Im 3. Band finden sich die Arbeiten aus Bernfelds »zionistischem
Jahrzehnt« 1914-1924, in denen er sich für die Errichtung eines
sozialistisch geprägten jüdischen Staates in Palästina einsetzte.
Er schrieb: »Palästina wird sozialistisch sein, oder es wird gar
nicht sein. Wir glauben so.« Dieses sozialistische Israel sollte
nach dem Vorbild der freien Schulgemeinden der Jugendbewegung
organisiert sein. Damit entwickelte Bernfeld wichtige Grundlagen
für die Kibbuzim als Basis des neuen jüdischen Staates. Sein
Erziehungsideal als Kern einer neuen Jugendkultur in Palästina
sollte die egalitäre Arbeits- und Gemeinschaftserziehung sein.
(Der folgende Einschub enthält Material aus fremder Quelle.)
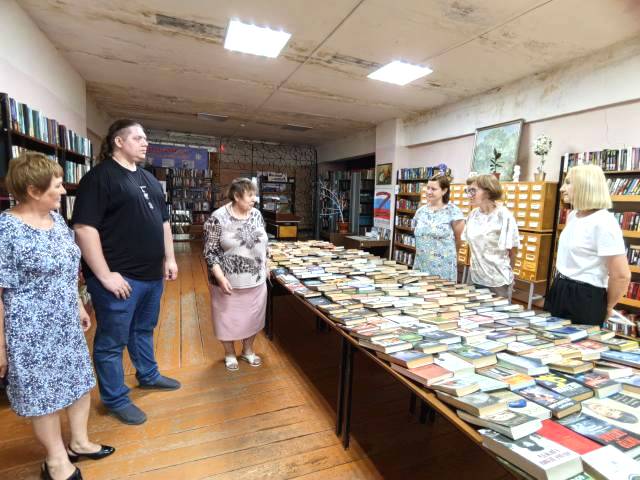 Ведущие специалисты Регионального центра по работе с книжными памятниками провели тренинг для коллег из Калининской МЦБ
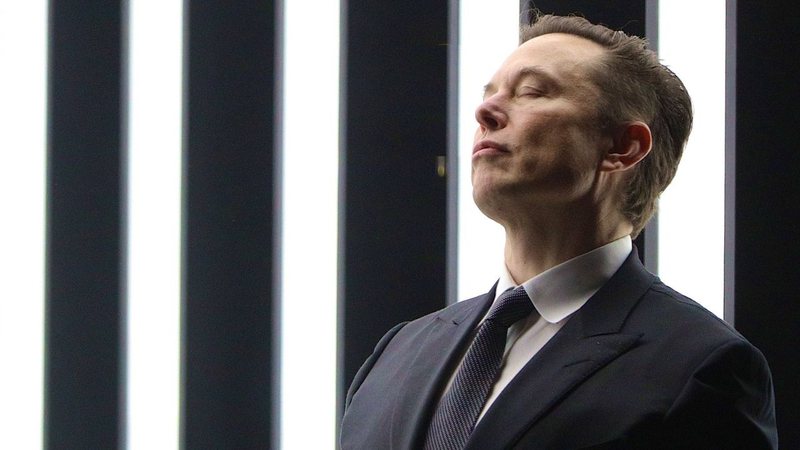 Elon Musk durante evento da Tesla em 2022 - Getty Images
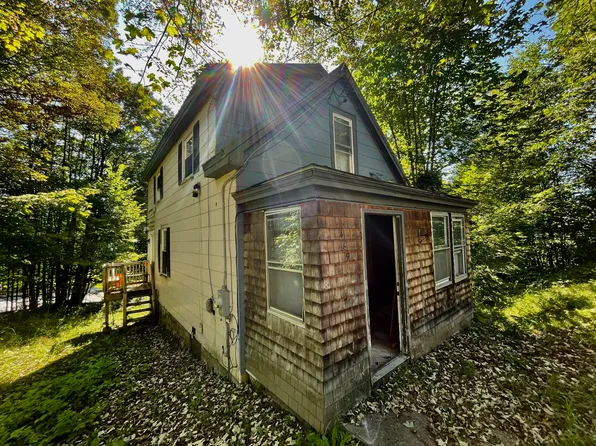 469 Virgin Street, Rumford, ME 04276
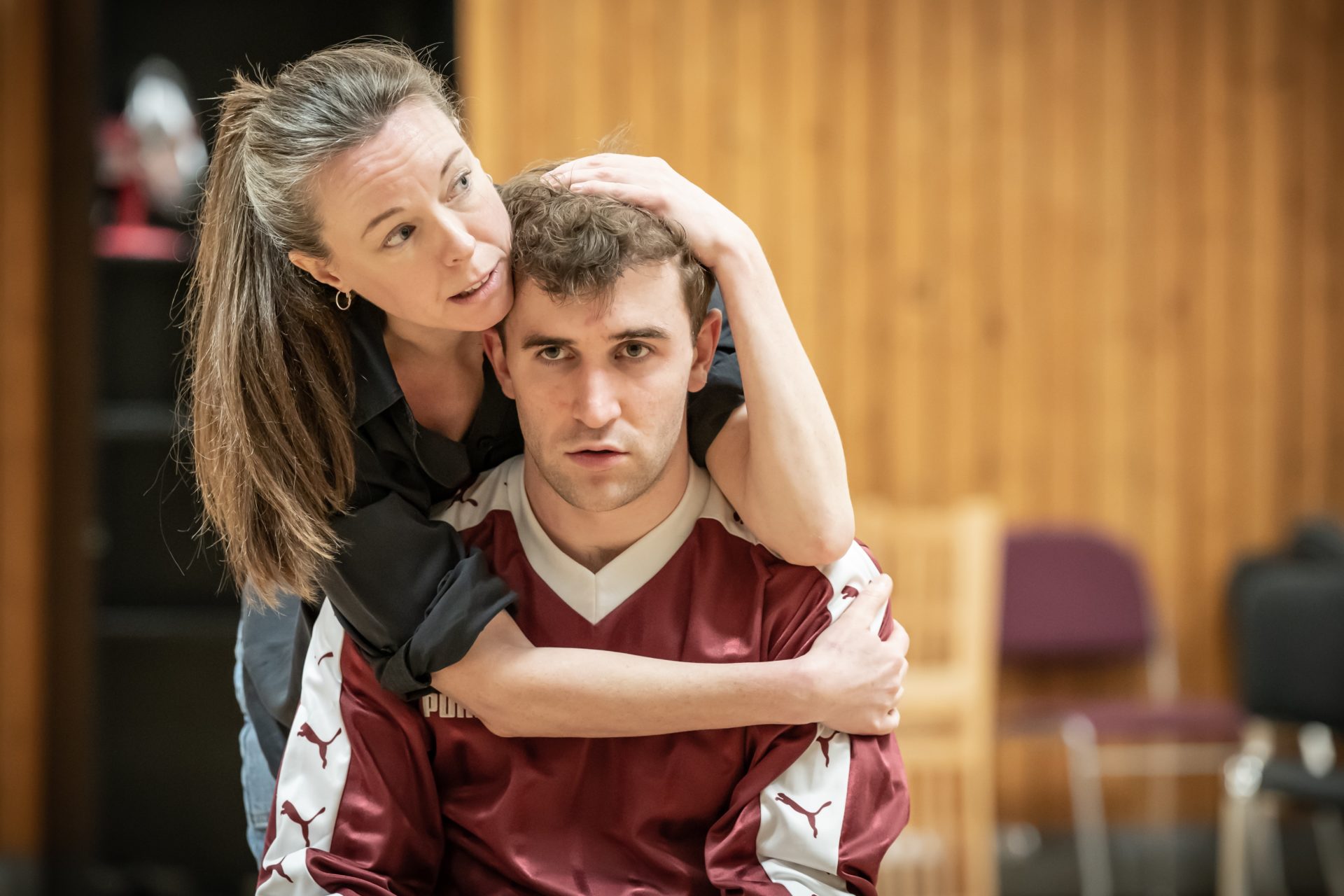 Callum Scott Howells (Romeo) a Catrin Aaron (Barb) yn Romeo and Julie yn y National Theatre (c) Marc Brenner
Die
jüdische Jugendarbeit in Wien diente für ihn der Vorbereitung der
antiautoritären und sozialistischen Erziehung in Palästina.
Der 4. Band macht Bernfelds Arbeiten von 1919-1930 zur Theorie und
Praxis der Sozialpädagogik zugänglich, die angeregt waren durch
seine Erfahrungen im Kinderheim Baumgarten. Unter dem Begriff der
»Schulgemeinde« entwarf er 1928 ein Konzept für die Mit- und
Selbstbestimmung von Schülern und Heimkindern, wobei er auf eine
demokratische Ordnung der Fürsorgeinstitutionen als Rahmen der
Resozialisation abzielte. Als Ausgangspunkt der Sozialpädagogik
gilt Bernfeld 1929 der »soziale Ort«, der die soziale Determination
des seelischen Geschehens bei Kindern und Jugendlichen hervorhebt.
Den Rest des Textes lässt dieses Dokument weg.